Para garantir que a regulação não viole direitos constitucionais, ela defende que os conceitos usados na lei sejam objetivos e embasados. “Equilibrar esses conteúdos com a garantia de liberdade de expressão, eu acho que é o maior desafio dessa regulamentação digital. Critérios técnicos, jurídicos e também critérios éticos têm que estar muito bem delimitados. Termos como desinformação, discurso de ódio, ofensa e fake news podem ser muito subjetivos”, explicou.
A pesquisadora também alerta para os efeitos colaterais que uma legislação mal formulada pode causar à economia digital. “Essa regulamentação tem que ser feita de uma forma muito séria porque senão pode aumentar a burocracia, ter um custo maior para as plataformas, ter um risco mesmo para a inovação tecnológica porque vai desestimular algumas startups a investirem, a novas iniciativas no setor digital brasileiro”, observou.
Apesar dos desafios, Ivana acredita que a responsabilização das plataformas pode trazer avanços significativos no combate à desinformação e aos discursos de ódio. “A maior vantagem é a maior responsabilidade das plataformas: obrigar a Meta, o Google, o X a monitorar conteúdos nocivos e agir com mais transparência e rapidez diante das violações. Vamos poder combater a desinformação e, principalmente, os discursos de ódio, criando mecanismos legais para punir a disseminação da desinformação, a incitação à violência, os ataques à democracia e os discursos discriminatórios”, disse.
Ela também aponta que é urgente debater a transparência dos algoritmos e das campanhas de publicidade digital, principalmente em contextos eleitorais. “As regras de impulsionamento de conteúdo e os algoritmos de recomendação ainda são um segredo, como fórmulas da Coca-Cola, e precisamos entender claramente como funcionam, principalmente na publicidade política”, argumentou.
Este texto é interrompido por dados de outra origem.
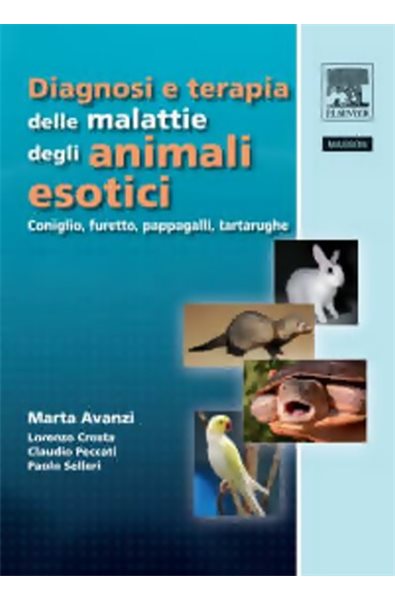 ELEMENTI DI PROGRAMMAZIONE MATEMATICA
Ivana observa que o Executivo tem se empenhado na pauta por meio da Secretaria de Comunicação Social e do Ministério da Justiça, mas enfrenta obstáculos políticos e lobby das big techs no Congresso. “O problema é que quem defende a proposta enfrenta resistência, a oposição acusa o governo de querer censurar e controlar a opinião pública. Por isso, é essencial uma estratégia de comunicação clara e pedagógica sobre o que está sendo proposto”, destacou.
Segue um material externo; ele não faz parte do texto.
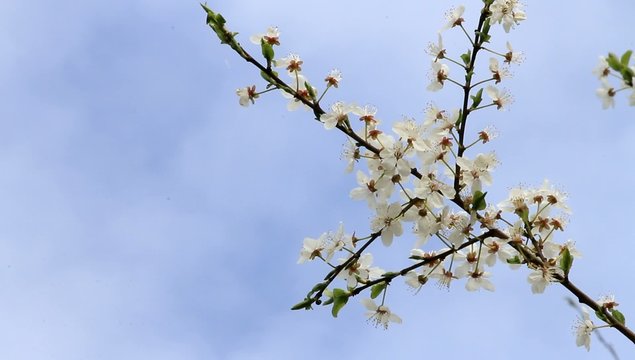  white plum tree blossoms against a blue sky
Diante da lentidão no Legislativo, ela ressalta o protagonismo do STF e a importância da mobilização social. “As escolas estão discutindo isso, nós na Universidade da Amazônia discutimos constantemente. É fundamental que pais e responsáveis também participem. Precisamos de regulamentações setoriais, para proteção de crianças, adolescentes e sobre propaganda eleitoral”, afirmou.
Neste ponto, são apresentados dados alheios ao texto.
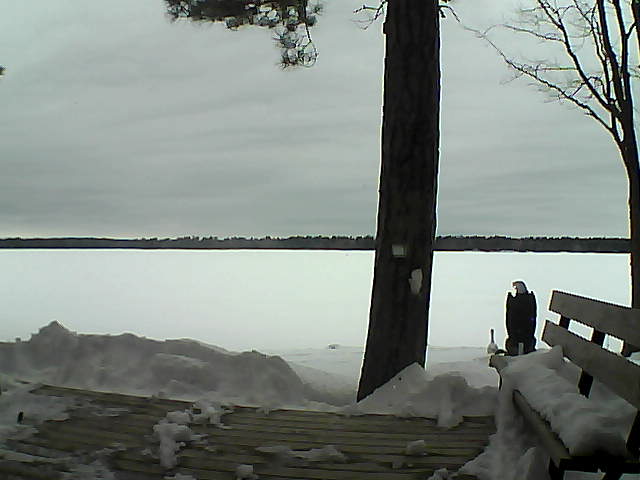 Whiteface Cam Image - Sun, 03/04/2018 1:36pm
Por fim, Ivana defende que o Brasil avance com uma regulação democrática, baseada em experiências internacionais e construída coletivamente. “Retomar essa discussão sobre a regulamentação das redes no Brasil é um esforço do Estado para enfrentar um desafio urgente, ligado à desinformação, aos discursos de ódio, à violência política e à proteção de direitos fundamentais no ambiente digital”, afirmou.
“Sem isso, corremos o risco de ter nossa soberania digital e capacidade institucional de regulação ameaçadas. É preciso uma atuação coordenada dos Três Poderes, encontrar consensos, regular sem censurar e garantir direitos digitais de forma democrática”, concluiu.